I fixed serial bugs on the Hal workstation.
And now, I fix serial problems for SGI in the network group. And they
use STREAMS on their serial ports.
> >Agreed.. Though there are things I like about it. But hey, I enjoy
> >using a Newton and a PC. Everything has faults..
> In my last job I was shouldered with the burden of keeping ~600
> software engineers happily hacking on Solaris 2.3-2.5. I've seen
> numerous zs3 ring buffer overflows that would lock up the display
> for as long as 30 minutes. These machines were typically doing
> software builds, running dbx, and the usual assortment of desktop
> apps. They weren't even using the serial ports.
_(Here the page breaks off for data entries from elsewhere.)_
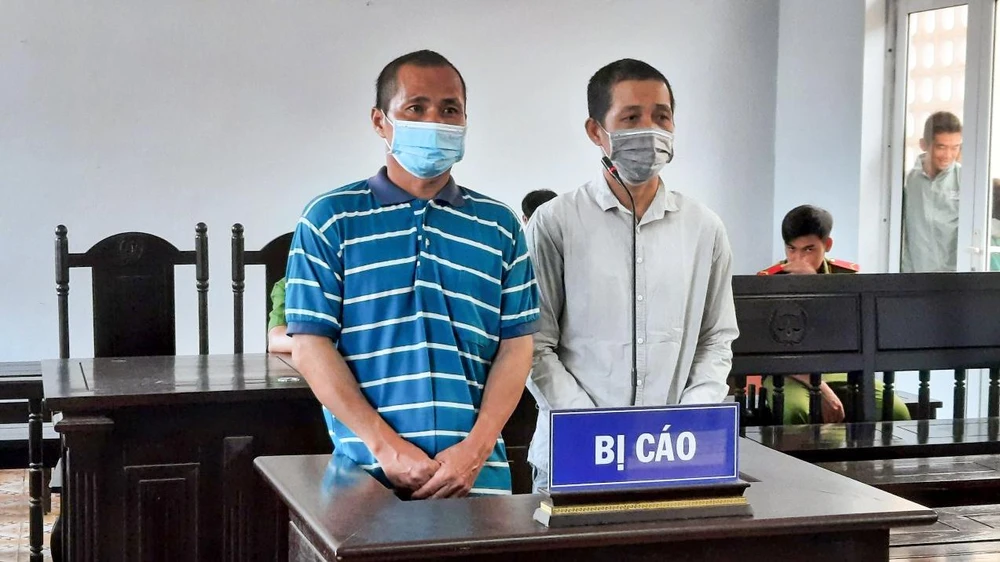 Hai bị cáo Trần Quốc Việt và Lê Văn Chiến tại tòa. Ảnh: TUẤN THY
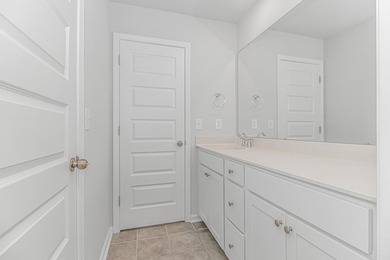 RARE LAKEFRONT PRIVACY IN THE HEART OF MYRTLE BEACH!! Welcome to - photo 22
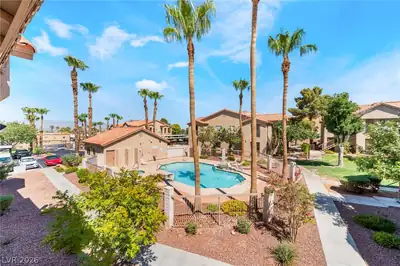2110 Los Feliz Street 2015 Pool
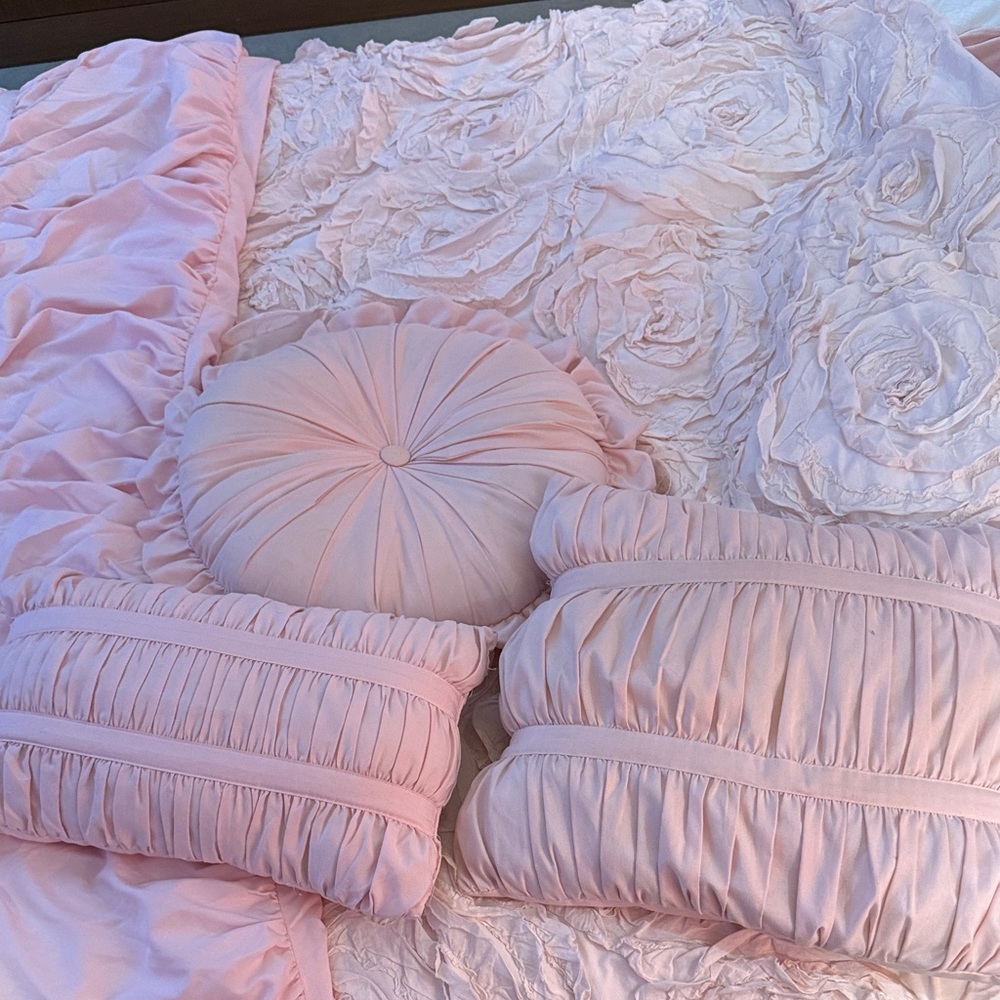 Elegant Pink ruffled pillow set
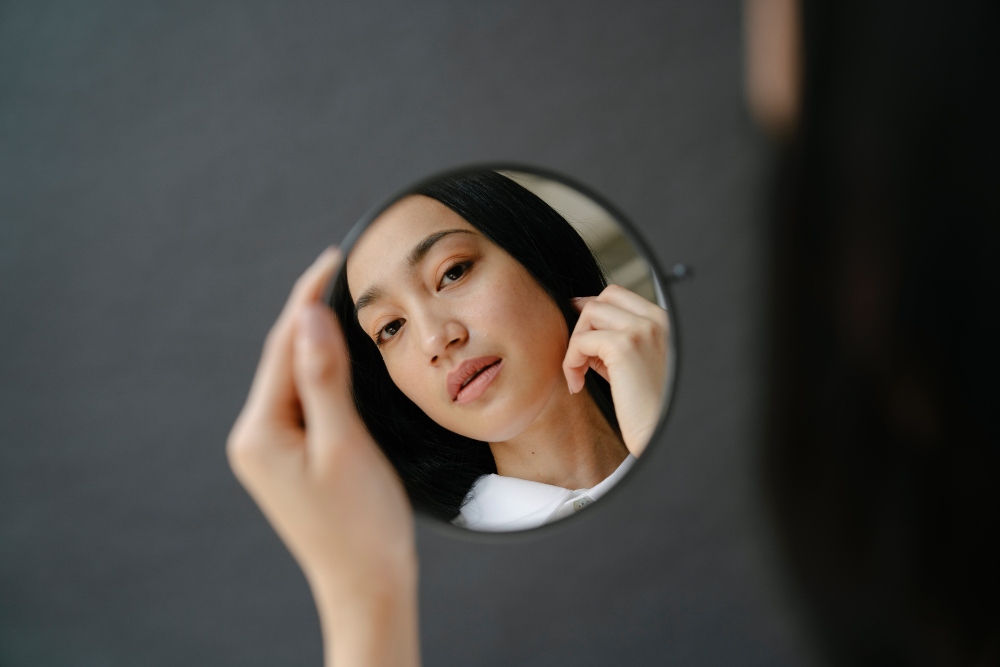 Mujer con espejo eliminar comedones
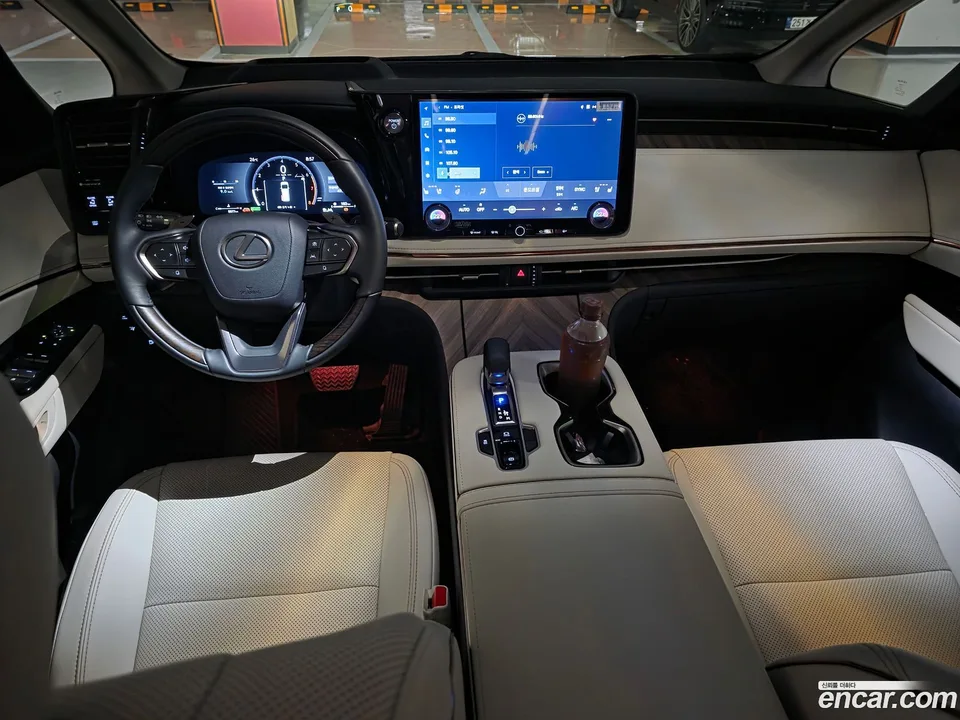 Lexus LM 500h 2025 — thumbnail 5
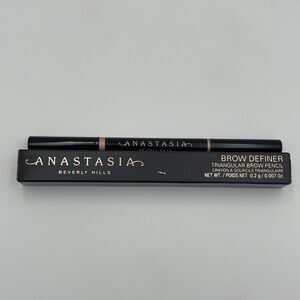 Anastasia Brow Definer Triangular Brow Pencil Medium Brown Full Size NEW In Box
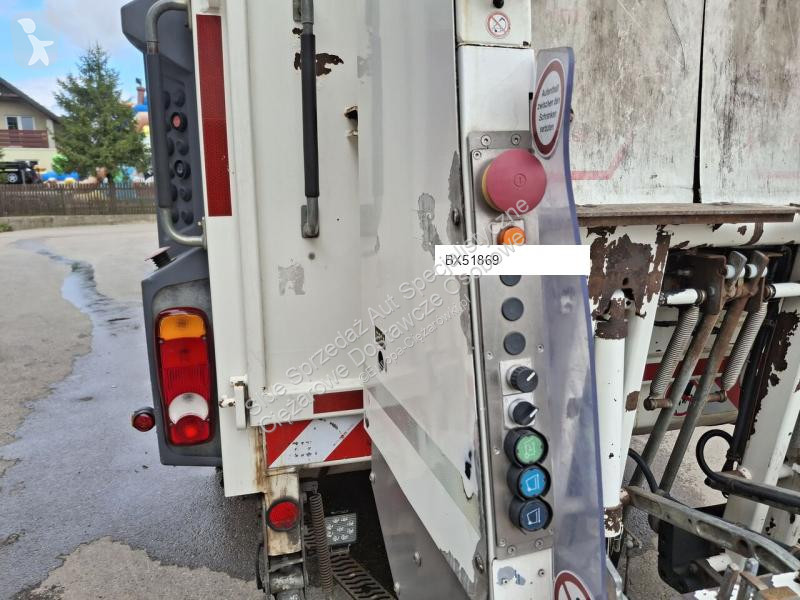 آلة لصيانة الطرق Mercedes press 522 Zoeller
In the integration
> labs, where Air Traffic Control systems were debugged, heavy use of
> the serial ports for flight strip printers, etc, the impact of ring
> buffer overflows could be seen as being devastating to the landing
> of aircraft.
ring buffer overflows are DRASTICALLY different than silo overflows.
The ring buffer overflows means the serial port is keeping up and it
fill up the buffer for handing off to the upstream layers. upstream
or even the application is having a problem pulling the data off the
silo overflows mean the chip is not able to keep up with the incoming
data. this is a problem with the driver or handshaking..
> The STREAMS based Lachman TCP/IP is inferior to the old SunOS 4.x
> TCP/IP. (the *!#&$^ LANCE chips don't help, either.)
> There are three things that I like about NetBSD. It's BSD, it has
> been remarkably stable for me, and it runs on a lot of platforms.
> I hope it stays that way.
Once again, based on what?? Oh, and by the way, Sun's STREAMS is not
based on Lachman but Mentat..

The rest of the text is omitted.